About two cups of solution go into his abdominal cavity through a catheter that was surgically implanted in his abdomen. The cavity is lined with a membrane called the peritoneum, and the solution draws waste products and extra fluid from his blood and into the cavity, so they can be removed from his body.

In another form of dialysis, called hemodialysis, blood is removed from the body, cleansed of wastes, then returned to the body. But because he's so young, Jayden doesn't yet have enough blood for hemodialysis.

In fact, Jayden is the youngest dialysis patient at Fresenius Medical Care. In the past, pediatric patients have had to go to Kansas City for specialty kidney care, but Wichita now has a pediatric nephrologist, Michelle Stuart Hilgenfeld.

"This is the first time Fresenius Medical Care has offered services to somebody this small," says Teresa Robben, clinical manager. To celebrate, the dialysis center threw Jayden a birthday party earlier this month. He turned 1 on June 5.

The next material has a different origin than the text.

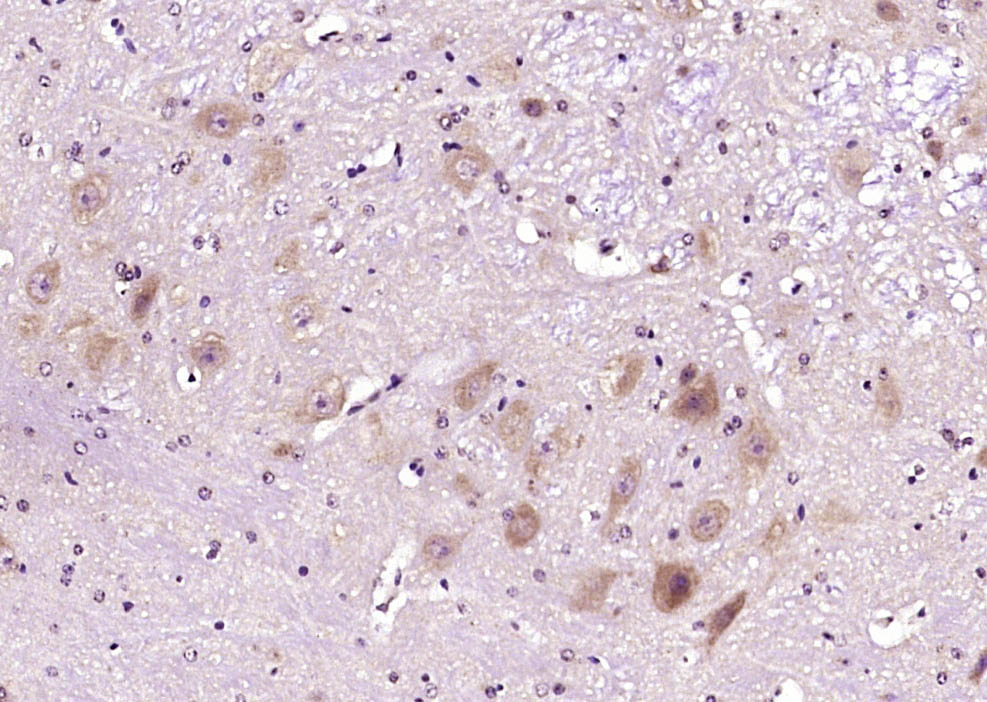 Paraformaldehyde-fixed, paraffin embedded Mouse cerebellum; Antigen retrieval by boiling in sodium citrate buffer (pH6.0) for 15min; Block endogenous peroxidase by 3% hydrogen peroxide for 20 minutes; Blocking buffer (normal goat serum) at 37°C for 30min; Antibody incubation with SEMA6D Polyclonal Antibody, Unconjugated (bs-2943R) at 1:400 overnight at 4°C, DAB staining.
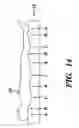Fig. 15 - Discrete cell body support and method for using the same to provide dynamic massage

The Woydziaks say Jayden was in the hospital for the first six months of his life. The first night home was overwhelmingly scary, but "He's a piece of cake now," Janelle says. "He usually just falls asleep when we start" the dialysis. He is unhooked from the machine when he wakes.

Having a child with a medical problem can be overwhelming, the Woydziaks say.

But "what seemed like the end of the world really isn't," Janelle says.

"We had lots of people around helping us," Dan adds. "I don't know how we'd do it without family."

But they've learned to relax and enjoying parenting.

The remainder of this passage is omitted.